● EXTRACTED ENTRIES:
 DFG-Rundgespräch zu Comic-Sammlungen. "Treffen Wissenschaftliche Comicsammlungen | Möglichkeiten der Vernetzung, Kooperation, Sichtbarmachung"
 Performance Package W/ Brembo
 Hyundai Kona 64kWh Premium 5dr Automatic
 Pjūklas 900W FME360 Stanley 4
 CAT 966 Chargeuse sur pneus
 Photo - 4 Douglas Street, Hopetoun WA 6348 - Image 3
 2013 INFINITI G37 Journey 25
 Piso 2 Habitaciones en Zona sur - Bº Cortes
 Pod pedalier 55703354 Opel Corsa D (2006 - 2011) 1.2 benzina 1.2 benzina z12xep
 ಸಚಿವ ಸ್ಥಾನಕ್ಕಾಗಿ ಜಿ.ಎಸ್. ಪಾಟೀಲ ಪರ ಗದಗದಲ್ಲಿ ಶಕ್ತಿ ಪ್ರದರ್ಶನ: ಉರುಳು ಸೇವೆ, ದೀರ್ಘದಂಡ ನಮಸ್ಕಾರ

● TASK OBJECTIVE: Repeat the material above exactly and in full.

● ANSWER:
 DFG-Rundgespräch zu Comic-Sammlungen. "Treffen Wissenschaftliche Comicsammlungen | Möglichkeiten der Vernetzung, Kooperation, Sichtbarmachung"
 Performance Package W/ Brembo
 Hyundai Kona 64kWh Premium 5dr Automatic
 Pjūklas 900W FME360 Stanley 4
 CAT 966 Chargeuse sur pneus
 Photo - 4 Douglas Street, Hopetoun WA 6348 - Image 3
 2013 INFINITI G37 Journey 25
 Piso 2 Habitaciones en Zona sur - Bº Cortes
 Pod pedalier 55703354 Opel Corsa D (2006 - 2011) 1.2 benzina 1.2 benzina z12xep
 ಸಚಿವ ಸ್ಥಾನಕ್ಕಾಗಿ ಜಿ.ಎಸ್. ಪಾಟೀಲ ಪರ ಗದಗದಲ್ಲಿ ಶಕ್ತಿ ಪ್ರದರ್ಶನ: ಉರುಳು ಸೇವೆ, ದೀರ್ಘದಂಡ ನಮಸ್ಕಾರ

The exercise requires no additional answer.